(Web page caption snippets)
#####
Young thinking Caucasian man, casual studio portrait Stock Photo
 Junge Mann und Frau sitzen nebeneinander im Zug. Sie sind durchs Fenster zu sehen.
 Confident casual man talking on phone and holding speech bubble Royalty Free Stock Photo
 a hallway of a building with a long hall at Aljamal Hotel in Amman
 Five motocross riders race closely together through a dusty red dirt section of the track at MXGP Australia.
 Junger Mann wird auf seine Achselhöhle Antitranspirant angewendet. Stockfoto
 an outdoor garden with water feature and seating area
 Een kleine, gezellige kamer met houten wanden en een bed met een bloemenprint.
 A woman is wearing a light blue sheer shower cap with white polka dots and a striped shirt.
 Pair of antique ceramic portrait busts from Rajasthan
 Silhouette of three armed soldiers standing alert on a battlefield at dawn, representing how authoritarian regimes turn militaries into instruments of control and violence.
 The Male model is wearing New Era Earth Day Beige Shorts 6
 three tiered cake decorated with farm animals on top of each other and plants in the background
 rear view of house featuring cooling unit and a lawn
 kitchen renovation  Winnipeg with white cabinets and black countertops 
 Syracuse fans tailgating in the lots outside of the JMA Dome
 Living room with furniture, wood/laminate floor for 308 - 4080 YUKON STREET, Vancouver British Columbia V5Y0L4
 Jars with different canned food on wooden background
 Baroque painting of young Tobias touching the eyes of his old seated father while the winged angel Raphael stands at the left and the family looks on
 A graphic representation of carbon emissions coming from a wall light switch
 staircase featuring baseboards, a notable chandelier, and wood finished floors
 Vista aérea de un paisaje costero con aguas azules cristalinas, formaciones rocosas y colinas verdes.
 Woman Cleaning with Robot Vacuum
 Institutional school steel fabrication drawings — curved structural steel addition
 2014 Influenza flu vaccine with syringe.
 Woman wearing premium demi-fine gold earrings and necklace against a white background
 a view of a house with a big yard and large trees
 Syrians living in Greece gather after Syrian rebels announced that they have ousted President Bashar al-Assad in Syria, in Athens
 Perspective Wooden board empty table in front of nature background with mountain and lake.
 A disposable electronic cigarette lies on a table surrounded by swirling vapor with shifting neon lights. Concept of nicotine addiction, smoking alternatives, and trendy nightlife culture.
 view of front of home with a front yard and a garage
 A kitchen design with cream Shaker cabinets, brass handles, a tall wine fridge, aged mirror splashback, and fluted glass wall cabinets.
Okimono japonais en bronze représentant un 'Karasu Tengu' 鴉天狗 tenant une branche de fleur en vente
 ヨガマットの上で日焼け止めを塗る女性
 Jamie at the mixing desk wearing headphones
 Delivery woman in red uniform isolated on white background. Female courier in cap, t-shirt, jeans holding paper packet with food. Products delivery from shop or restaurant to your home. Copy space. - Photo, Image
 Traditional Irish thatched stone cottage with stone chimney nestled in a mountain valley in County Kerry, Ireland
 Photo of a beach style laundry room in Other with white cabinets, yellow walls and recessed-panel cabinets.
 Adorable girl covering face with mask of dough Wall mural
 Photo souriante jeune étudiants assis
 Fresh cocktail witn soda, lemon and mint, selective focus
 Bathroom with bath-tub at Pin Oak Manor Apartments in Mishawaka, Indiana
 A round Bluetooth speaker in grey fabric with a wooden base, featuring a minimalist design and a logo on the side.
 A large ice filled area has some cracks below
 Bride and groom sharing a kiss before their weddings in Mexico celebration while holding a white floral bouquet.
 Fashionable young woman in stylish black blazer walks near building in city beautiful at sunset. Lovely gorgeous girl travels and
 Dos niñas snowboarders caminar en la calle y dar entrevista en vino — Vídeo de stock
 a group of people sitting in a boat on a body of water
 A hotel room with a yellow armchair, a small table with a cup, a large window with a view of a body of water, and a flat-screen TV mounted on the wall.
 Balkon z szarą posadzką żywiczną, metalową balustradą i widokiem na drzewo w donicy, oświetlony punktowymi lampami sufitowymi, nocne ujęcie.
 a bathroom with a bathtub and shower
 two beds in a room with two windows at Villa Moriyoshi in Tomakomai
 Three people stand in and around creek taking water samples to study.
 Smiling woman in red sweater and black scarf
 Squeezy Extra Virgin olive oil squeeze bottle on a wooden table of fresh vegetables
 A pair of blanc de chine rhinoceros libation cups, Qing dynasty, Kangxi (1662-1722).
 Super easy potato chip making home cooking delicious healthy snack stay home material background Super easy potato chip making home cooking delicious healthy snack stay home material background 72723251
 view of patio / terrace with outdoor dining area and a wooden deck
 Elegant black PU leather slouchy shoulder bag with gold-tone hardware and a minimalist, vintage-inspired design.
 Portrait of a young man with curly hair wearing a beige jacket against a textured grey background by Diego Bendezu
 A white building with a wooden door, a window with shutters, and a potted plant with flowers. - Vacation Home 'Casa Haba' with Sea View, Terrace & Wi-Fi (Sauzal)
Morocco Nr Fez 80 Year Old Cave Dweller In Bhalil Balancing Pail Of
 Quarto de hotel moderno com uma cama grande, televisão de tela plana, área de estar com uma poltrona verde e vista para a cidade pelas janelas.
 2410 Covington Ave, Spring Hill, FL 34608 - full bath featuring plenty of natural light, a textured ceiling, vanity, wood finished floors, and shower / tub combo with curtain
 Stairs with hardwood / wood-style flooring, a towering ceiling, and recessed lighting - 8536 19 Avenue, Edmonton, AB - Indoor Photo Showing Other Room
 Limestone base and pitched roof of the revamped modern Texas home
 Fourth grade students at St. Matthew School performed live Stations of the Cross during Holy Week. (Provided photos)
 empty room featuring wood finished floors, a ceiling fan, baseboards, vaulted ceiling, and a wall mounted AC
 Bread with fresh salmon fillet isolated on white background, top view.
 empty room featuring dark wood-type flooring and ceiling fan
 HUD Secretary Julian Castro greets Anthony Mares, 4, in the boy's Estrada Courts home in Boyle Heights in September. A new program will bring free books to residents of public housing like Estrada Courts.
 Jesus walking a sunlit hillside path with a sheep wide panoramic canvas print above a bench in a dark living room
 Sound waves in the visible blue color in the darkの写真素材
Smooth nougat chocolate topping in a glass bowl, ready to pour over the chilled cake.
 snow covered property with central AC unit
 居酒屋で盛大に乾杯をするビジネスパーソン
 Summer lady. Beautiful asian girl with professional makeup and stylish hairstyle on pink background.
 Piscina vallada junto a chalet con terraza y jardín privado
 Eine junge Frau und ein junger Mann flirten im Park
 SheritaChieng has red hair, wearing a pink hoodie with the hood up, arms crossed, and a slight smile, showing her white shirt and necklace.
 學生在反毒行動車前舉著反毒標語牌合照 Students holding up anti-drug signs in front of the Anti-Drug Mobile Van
#####
* **Your objective**
As the exercise requires, copy out the data shown above word for word.

* **Output**
Young thinking Caucasian man, casual studio portrait Stock Photo
 Junge Mann und Frau sitzen nebeneinander im Zug. Sie sind durchs Fenster zu sehen.
 Confident casual man talking on phone and holding speech bubble Royalty Free Stock Photo
 a hallway of a building with a long hall at Aljamal Hotel in Amman
 Five motocross riders race closely together through a dusty red dirt section of the track at MXGP Australia.
 Junger Mann wird auf seine Achselhöhle Antitranspirant angewendet. Stockfoto
 an outdoor garden with water feature and seating area
 Een kleine, gezellige kamer met houten wanden en een bed met een bloemenprint.
 A woman is wearing a light blue sheer shower cap with white polka dots and a striped shirt.
 Pair of antique ceramic portrait busts from Rajasthan
 Silhouette of three armed soldiers standing alert on a battlefield at dawn, representing how authoritarian regimes turn militaries into instruments of control and violence.
 The Male model is wearing New Era Earth Day Beige Shorts 6
 three tiered cake decorated with farm animals on top of each other and plants in the background
 rear view of house featuring cooling unit and a lawn
 kitchen renovation  Winnipeg with white cabinets and black countertops 
 Syracuse fans tailgating in the lots outside of the JMA Dome
 Living room with furniture, wood/laminate floor for 308 - 4080 YUKON STREET, Vancouver British Columbia V5Y0L4
 Jars with different canned food on wooden background
 Baroque painting of young Tobias touching the eyes of his old seated father while the winged angel Raphael stands at the left and the family looks on
 A graphic representation of carbon emissions coming from a wall light switch
 staircase featuring baseboards, a notable chandelier, and wood finished floors
 Vista aérea de un paisaje costero con aguas azules cristalinas, formaciones rocosas y colinas verdes.
 Woman Cleaning with Robot Vacuum
 Institutional school steel fabrication drawings — curved structural steel addition
 2014 Influenza flu vaccine with syringe.
 Woman wearing premium demi-fine gold earrings and necklace against a white background
 a view of a house with a big yard and large trees
 Syrians living in Greece gather after Syrian rebels announced that they have ousted President Bashar al-Assad in Syria, in Athens
 Perspective Wooden board empty table in front of nature background with mountain and lake.
 A disposable electronic cigarette lies on a table surrounded by swirling vapor with shifting neon lights. Concept of nicotine addiction, smoking alternatives, and trendy nightlife culture.
 view of front of home with a front yard and a garage
 A kitchen design with cream Shaker cabinets, brass handles, a tall wine fridge, aged mirror splashback, and fluted glass wall cabinets.
Okimono japonais en bronze représentant un 'Karasu Tengu' 鴉天狗 tenant une branche de fleur en vente
 ヨガマットの上で日焼け止めを塗る女性
 Jamie at the mixing desk wearing headphones
 Delivery woman in red uniform isolated on white background. Female courier in cap, t-shirt, jeans holding paper packet with food. Products delivery from shop or restaurant to your home. Copy space. - Photo, Image
 Traditional Irish thatched stone cottage with stone chimney nestled in a mountain valley in County Kerry, Ireland
 Photo of a beach style laundry room in Other with white cabinets, yellow walls and recessed-panel cabinets.
 Adorable girl covering face with mask of dough Wall mural
 Photo souriante jeune étudiants assis
 Fresh cocktail witn soda, lemon and mint, selective focus
 Bathroom with bath-tub at Pin Oak Manor Apartments in Mishawaka, Indiana
 A round Bluetooth speaker in grey fabric with a wooden base, featuring a minimalist design and a logo on the side.
 A large ice filled area has some cracks below
 Bride and groom sharing a kiss before their weddings in Mexico celebration while holding a white floral bouquet.
 Fashionable young woman in stylish black blazer walks near building in city beautiful at sunset. Lovely gorgeous girl travels and
 Dos niñas snowboarders caminar en la calle y dar entrevista en vino — Vídeo de stock
 a group of people sitting in a boat on a body of water
 A hotel room with a yellow armchair, a small table with a cup, a large window with a view of a body of water, and a flat-screen TV mounted on the wall.
 Balkon z szarą posadzką żywiczną, metalową balustradą i widokiem na drzewo w donicy, oświetlony punktowymi lampami sufitowymi, nocne ujęcie.
 a bathroom with a bathtub and shower
 two beds in a room with two windows at Villa Moriyoshi in Tomakomai
 Three people stand in and around creek taking water samples to study.
 Smiling woman in red sweater and black scarf
 Squeezy Extra Virgin olive oil squeeze bottle on a wooden table of fresh vegetables
 A pair of blanc de chine rhinoceros libation cups, Qing dynasty, Kangxi (1662-1722).
 Super easy potato chip making home cooking delicious healthy snack stay home material background Super easy potato chip making home cooking delicious healthy snack stay home material background 72723251
 view of patio / terrace with outdoor dining area and a wooden deck
 Elegant black PU leather slouchy shoulder bag with gold-tone hardware and a minimalist, vintage-inspired design.
 Portrait of a young man with curly hair wearing a beige jacket against a textured grey background by Diego Bendezu
 A white building with a wooden door, a window with shutters, and a potted plant with flowers. - Vacation Home 'Casa Haba' with Sea View, Terrace & Wi-Fi (Sauzal)
Morocco Nr Fez 80 Year Old Cave Dweller In Bhalil Balancing Pail Of
 Quarto de hotel moderno com uma cama grande, televisão de tela plana, área de estar com uma poltrona verde e vista para a cidade pelas janelas.
 2410 Covington Ave, Spring Hill, FL 34608 - full bath featuring plenty of natural light, a textured ceiling, vanity, wood finished floors, and shower / tub combo with curtain
 Stairs with hardwood / wood-style flooring, a towering ceiling, and recessed lighting - 8536 19 Avenue, Edmonton, AB - Indoor Photo Showing Other Room
 Limestone base and pitched roof of the revamped modern Texas home
 Fourth grade students at St. Matthew School performed live Stations of the Cross during Holy Week. (Provided photos)
 empty room featuring wood finished floors, a ceiling fan, baseboards, vaulted ceiling, and a wall mounted AC
 Bread with fresh salmon fillet isolated on white background, top view.
 empty room featuring dark wood-type flooring and ceiling fan
 HUD Secretary Julian Castro greets Anthony Mares, 4, in the boy's Estrada Courts home in Boyle Heights in September. A new program will bring free books to residents of public housing like Estrada Courts.
 Jesus walking a sunlit hillside path with a sheep wide panoramic canvas print above a bench in a dark living room
 Sound waves in the visible blue color in the darkの写真素材
Smooth nougat chocolate topping in a glass bowl, ready to pour over the chilled cake.
 snow covered property with central AC unit
 居酒屋で盛大に乾杯をするビジネスパーソン
 Summer lady. Beautiful asian girl with professional makeup and stylish hairstyle on pink background.
 Piscina vallada junto a chalet con terraza y jardín privado
 Eine junge Frau und ein junger Mann flirten im Park
 SheritaChieng has red hair, wearing a pink hoodie with the hood up, arms crossed, and a slight smile, showing her white shirt and necklace.
 學生在反毒行動車前舉著反毒標語牌合照 Students holding up anti-drug signs in front of the Anti-Drug Mobile Van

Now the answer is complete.